A variety of tools can help you better listen to your community and to the online community at large. In Parts III and IV of this book, we discuss the listening tools and techniques that are unique to the social networks Facebook, Twitter, LinkedIn, and Pinterest.
Responding promptly for greater impact
We know that it’s impossible for you to be online and monitoring your social networks 24 hours a day. Set a schedule for regular checks of your online communities to manage the conversations in an organized fashion. More important, in addition to setting alerts to hear what the online community is saying about you (see the nearby sidebar “Checking out conversations about you”), make the time to pay attention to your community so that you can hear what they’re saying to you and respond in a timely manner.
Check in regularly throughout the day to catch what is being said that doesn’t reach you by way of alerts. Go online during the periods when the largest number of people — including your customers and prospects — are present: early in the morning, midmorning, early afternoon, and early evening. Knowing your audience and interacting with them often can help you determine the best times to reach your own online community.
The timeliness of your responses is an important part of trust-building online. Leaving questions unanswered for days, weeks, or even longer leaves a bad taste in a customer’s mouth and can dissolve that person’s trust in you.
Ramon de Leon owns several Domino’s Pizza franchises in the Chicago area. When a customer tweeted a complaint about receiving the wrong pizza, De Leon did more than fix the problem — he posted a tweet, as shown in Figure 4-5, to explain that the correct order was en route and that the store would “wow” her. Then he created a personalized video apology with his store manager.
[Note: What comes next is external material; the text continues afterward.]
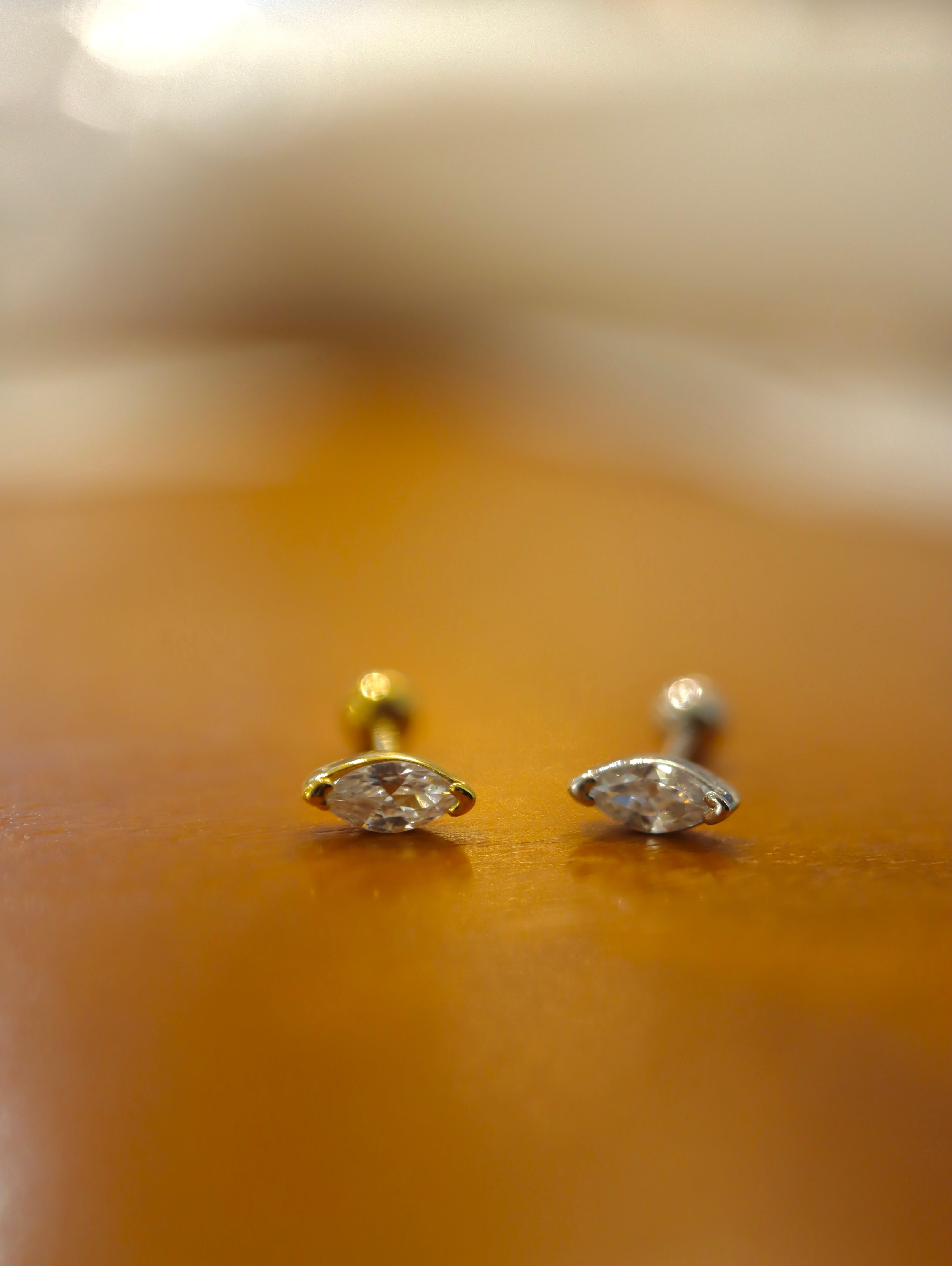 Marquise cz 925 silver piercing stud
This video, which has been viewed more than 160,000 times, is a stellar example of social media follow-through.
Giving the audience what they want
After you have drawn your audience’s attention, you’re faced with the million-dollar question: how to keep their attention and compel them to action? Crucial to solving this puzzle is how you follow through, though the answer starts with the foundation you lay. This list explains several reasons that people stay connected with you in social networks — why they click the Like button or share your posts:
The content resonates with them. Your content makes them smile or laugh or moves them emotionally.
The content originates from a source they trust. The content was shared by you, a friend or connection on a social network.
The content reflects something about themselves. You may have published the information, but they agree and react to it and share it to reveal a part of themselves.
The content puts them in-the-know. People like to be the “first to know” or to have insider information on special promotions, contests, and other offers. Some also like to be the first of their friends to share this news within their own circles.
Others respond. People like to have things in common with others, and when other people respond to your content, it invites even more responses that continue the conversation and build bonds.
You respond. If people know that you’re right there to acknowledge them when they like or comment on your content, it’s incentive to respond again. People love to be noticed and to feel that they matter.
You give perks. People like to be part of the “in crowd,” and beyond information, you can offer them discounts, coupons, and deals that they receive because they’re connected with you. Plus, they can pass along offers to friends to spread the good feeling all around.
Figure 4-5: This franchise manager and his store manager apologized online for a customer’s bad experience.
The better you know your audience, the more likely you are to post content that people feel connected to — and that they’ll respond to and engage in. Then it’s your turn to be responsive, to engage, and to follow through to build a stronger relationship and give others good reasons to trust you.
Building Trust in Traditional Online Marketing
Before Twitter, there was the e-mail newsletter. Before Facebook Fan Pages, businesses ran online banner ads. Traditional online marketing — like newsletters, banner ads, and e-mail marketing — still exists and also requires a level of trust. Building a rapport between your brand and your customers and prospects builds your business and helps your brand thrive.
Engaging appropriately with the media
Emphasizing social media engagement doesn’t mean that you ignore the importance of the role of traditional media. Being mentioned in the media is still an important part of marketing, and press pages on company websites are filled, for good reason, with the logos representing media outlets such as Wall Street Journal, The New York Times, Oprah, Fast Company, Today, and CNN. Television, print magazines, and newspapers still exist and are still powerful.
These days, these media hits often happen because brands do more than send press releases and make cold calls to members of the press. Reporters and producers pay attention to social networks for potential news stories and to find news sources organically. Savvy brands can position themselves in social media to attract the media’s attention, and they can engage with members of the press by following them in social networks to engage them in dialogue, draw their attention to potential news stories, and provide resources including links.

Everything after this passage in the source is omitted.